A sexually explicit illustrated Book of Genesis, which features biblical characters having intercourse and "gratuitous" depictions of violence, has been condemned by religious groups.
The book by controversial artist, Robert Crumb, was released this month, and it carried the warning "adult supervision recommended for minors", with its publishers describing it as "scandalous satire".

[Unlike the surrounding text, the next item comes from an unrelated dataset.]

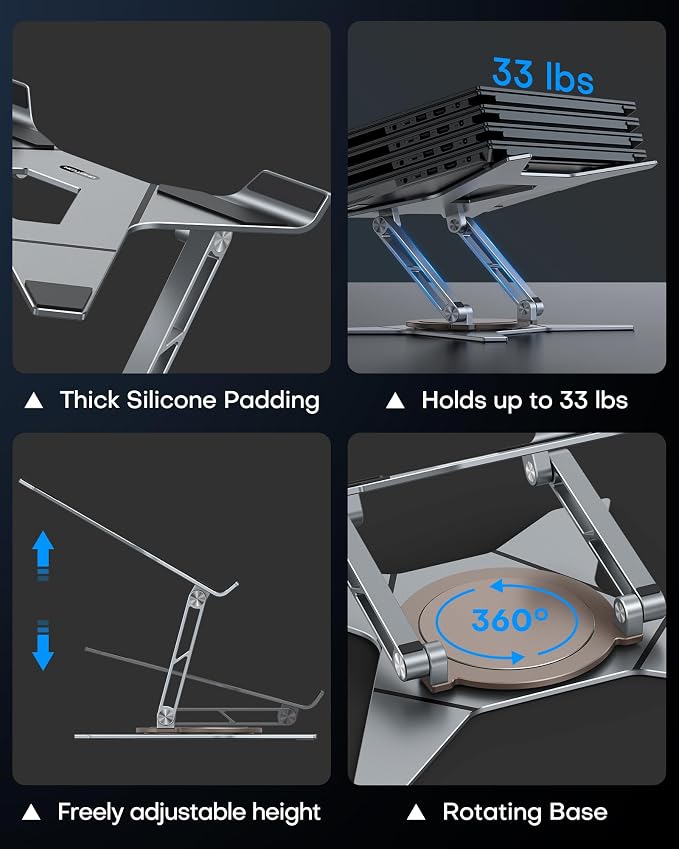 OMOTON Heavy Duty Laptop Stand, 33 lbs Gaming Laptop Riser, 360° Rotating | Aluminum Alloy, 11-17" Gaming Laptop, Height Adjustable, 360° Rotating, Thick Dual Arms, Anti-Slip, Ergonomic, Sturdy - Image 3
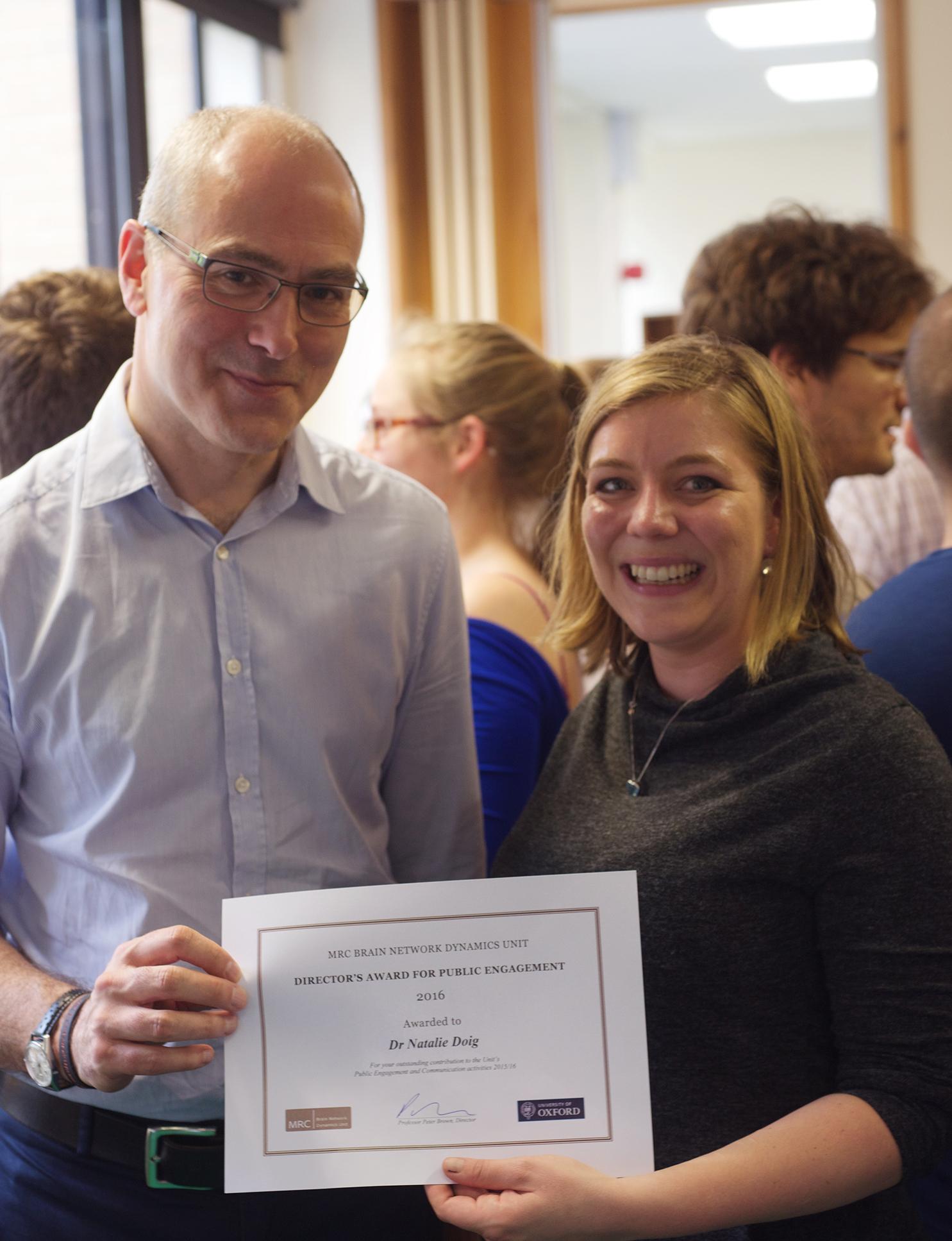 Professor Peter Brown, Unit Director, with Dr Natalie Doig, winner of the 2016 Director’s Award for Public Engagement. Professor Peter Brown, Unit Director, with Dr Natalie Doig, winner of the 2016 Director’s Award for Public Engagement.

Crumb, 66, who is most famous for his creation 'Fritz the Cat', a sexually graphic "underground" comic strip, has said he does not believe the Bible is the word of God.
"I take it all for myth from start to finish, with probably some faint relation to historical reality," the Sydney Morning Herald quoted him as saying.
"They're great stories. But for people to take texts as something sacred, handed down from God ... that's pretty backward," he said.
The Book of Genesis illustrated by Crumb has been criticised by religious groups such as the Christian Institute in Britain.
"It is turning the Bible into titillation," Mike Judge, of the institute, a religious think tank, said.
"It seems wholly inappropriate for what is essentially God's rescue plan for mankind.
"If you are going to publish your own version of the Bible it must be done with a great deal of sensitivity. The Bible is a very important text to many people," he stated.
Other religious figures have on the other hand been more supportive.
"I didn't think it was satire," the Bishop of Croydon, the Right Reverend Nick Baines said.
"He set out to say, 'this is important, fundamental myth' and it seems to me he's done a good job," the reverend added.
A spokeswoman for the Bible Society said she had not seen the book but reviews had suggested Crumb had "really engaged" with The Book of Genesis.
"It may surprise people but the Bible does contain nudity, sex and violence, because it contains real stories about real people," she said.
A Church of England spokesman added: "I haven't seen the book but I think trying to sell something by emphasising the sexual nature of some of the scenes doesn't seem to be a good way to pass on the message of the Bible."